In a note to readers, Susan Abulhawa writes, “I have always believed in the power of literature to reach the heart, stir the mind, and remind us all of our common humanity. And I have always admired writers who chose storytelling as a way to tear down the barriers between peoples. It is for this reason that I chose to write Mornings in Jenin.” Well, she has certainly accomplished the stirring of the heart, reminding us of our common humanity, and tearing down barriers in this novel. This book is a masterpiece.
There are several great things I can say about this book, but you really must read it for yourself. I cannot find any negatives–I think I found three typos?!?! It is a narrative of four generations of a Palestinian family from the 40s to the present. The reader sees Palestine before and after the creation of the state of Israel. In a previous post, I wrote a sentence about Zionism that spurred an emotional discussion, but it could never sum it up. It was just a sentence. I do, however, think this book just about sums it up.

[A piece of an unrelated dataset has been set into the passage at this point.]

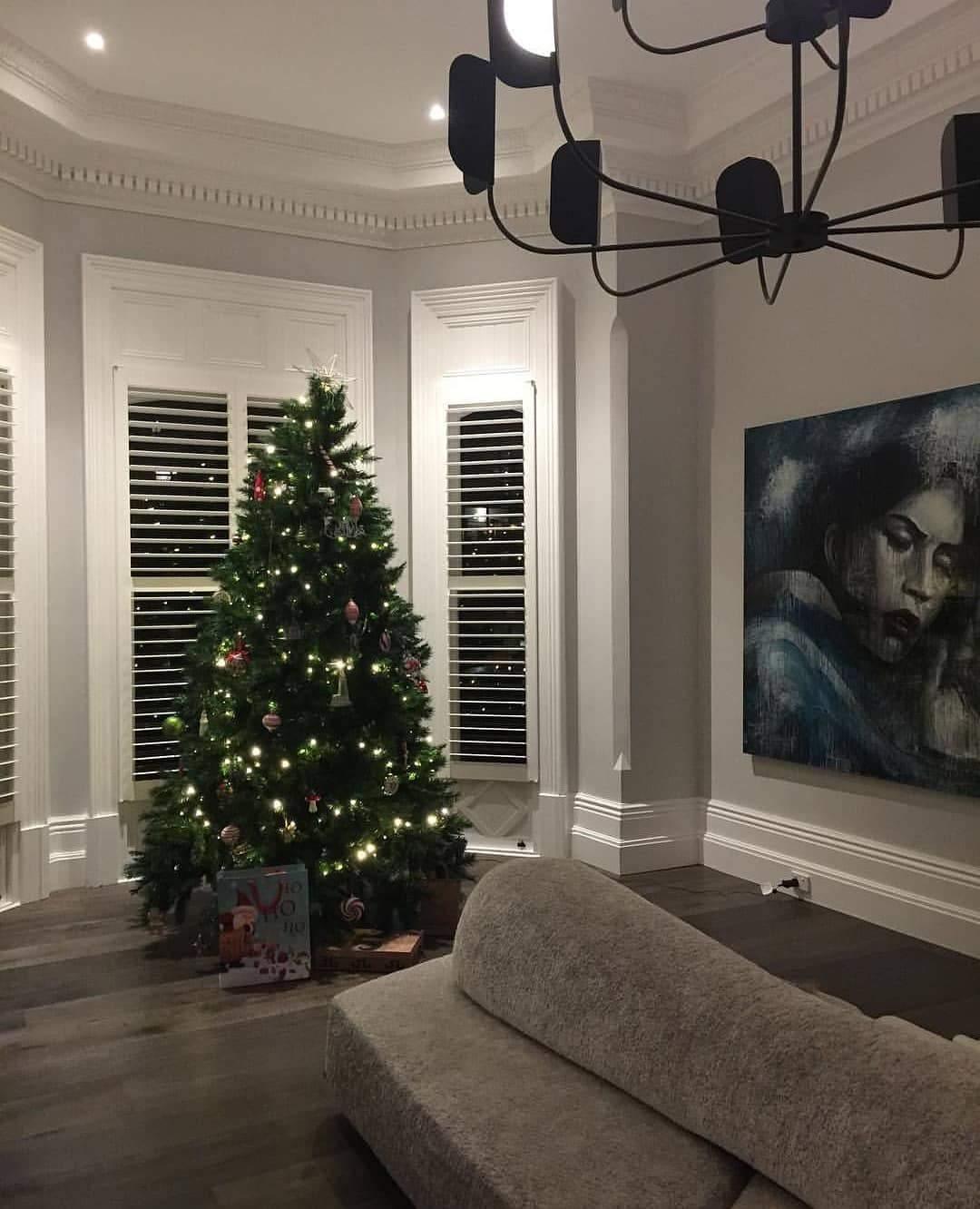 LEAF Chandelier - Blowlighting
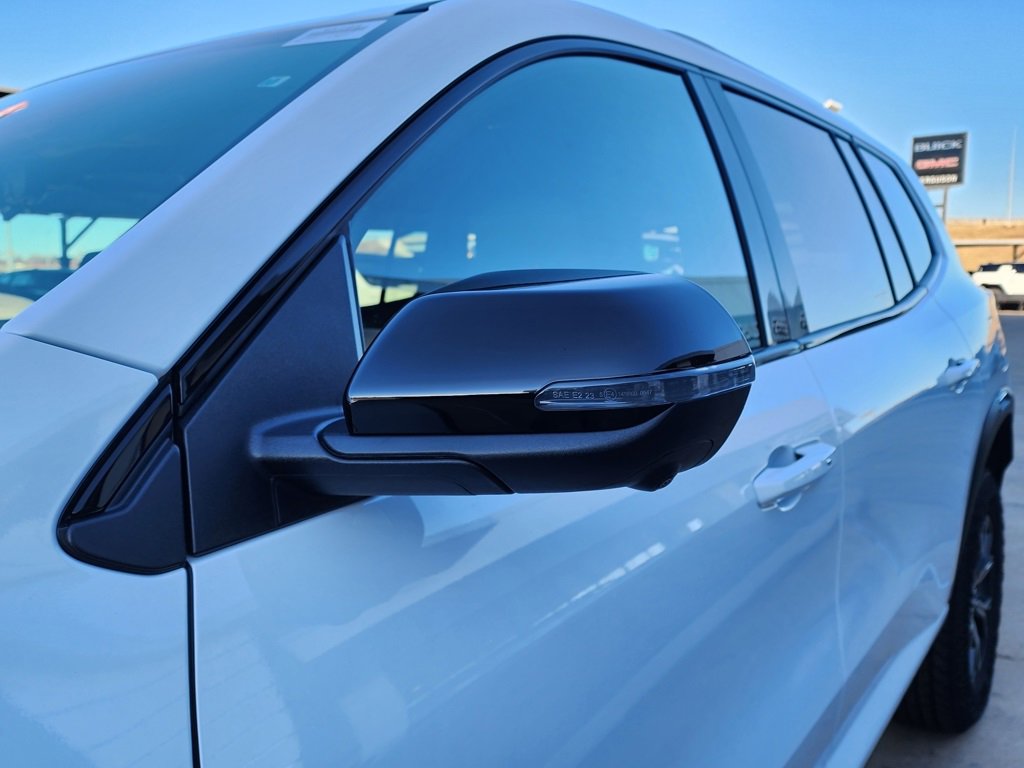 New 2026 GMC Acadia AT4 w/ Luxury Package image 12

It is written mainly from the Palestinian perspective, but the author does change points-of-view, writing from the perspectives of many characters. In this is her strength–at one point, the reader is all the characters taking on the first-person point of view. I believe the book is very balanced and I loved how the author spoke of Islam–as normal, as the breath and life of a people…as it is…a way of life. No excuses or apologies for the good, bad, or ugly claiming Islam as their religion. The author doesn’t assume anything about the reader, she just tells a story about generations of a family living a never-ending war. If you aren’t familiar with the culture, there is a glossary in the back to inform you, and if you are, well then, you can just read on. Abulhawa simply tells it like it is, and the book just is as it is…life as it was lived for many people.
I feel that this book is an honest portrayal of so many events that have been forgotten, overlooked, and ignored by the majority of Americans who really don’t know what’s happened in Palestine/Israel since the 1940s.
There is so much more that I understand now when it comes to Palestinian emotion over what has happened to Palestine.
There are some things that were unclear to me when I was in Palestine, that have been made crystal clear to me through this book. In this, the book is a history lesson, without being dry, taxing, and boring like history lessons are almost destined to be. It could easily be a movie, but I don’t think the movie could ever live up to the narrative of the book. It would take an equally brilliant director.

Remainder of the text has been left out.